WHAT TO WORK ON — Look through the entries below and extract exactly the lines from the one containing "Нижегородский театр оперы" through the one containing "أطفال السكة الحديد | ABC Books", ends included.

SUPPLIED RECORDS —

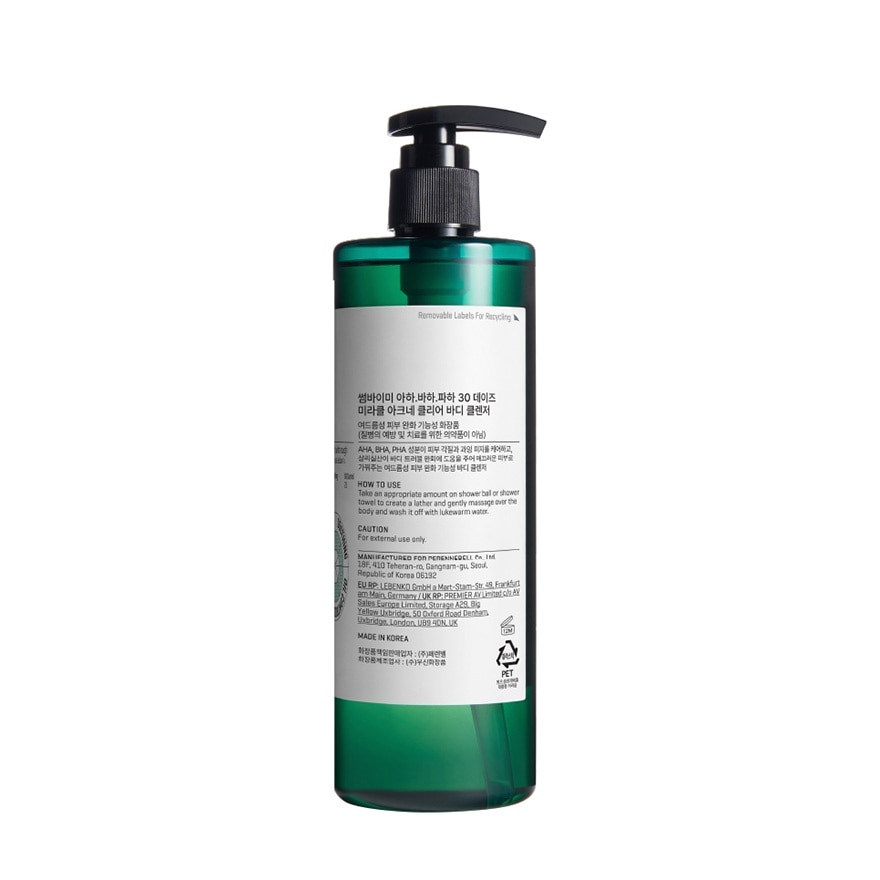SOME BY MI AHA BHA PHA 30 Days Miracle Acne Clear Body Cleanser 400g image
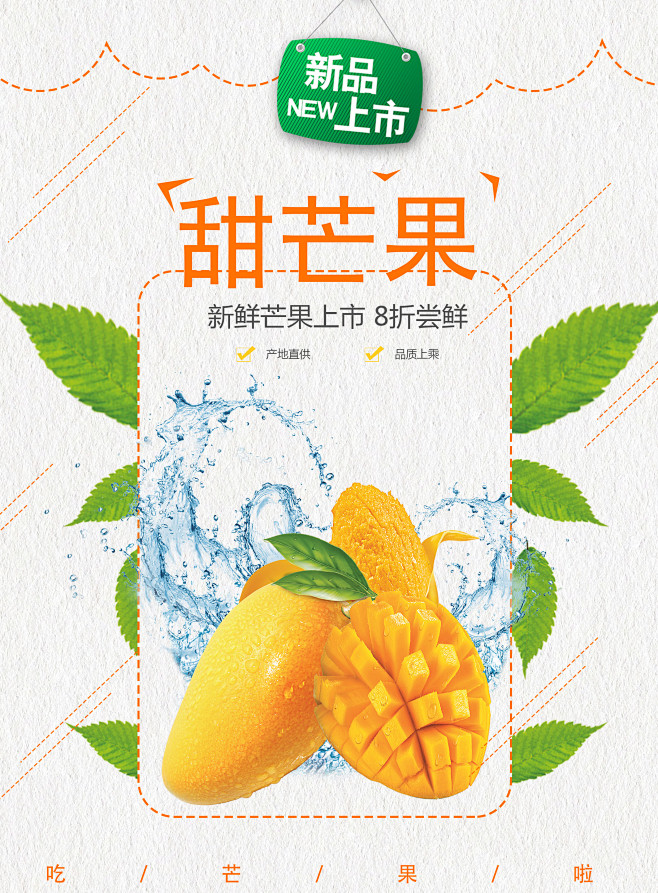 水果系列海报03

...

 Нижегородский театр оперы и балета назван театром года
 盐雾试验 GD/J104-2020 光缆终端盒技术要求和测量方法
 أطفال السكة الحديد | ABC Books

PROBLEM SOLUTION —
 Нижегородский театр оперы и балета назван театром года
 盐雾试验 GD/J104-2020 光缆终端盒技术要求和测量方法
 أطفال السكة الحديد | ABC Books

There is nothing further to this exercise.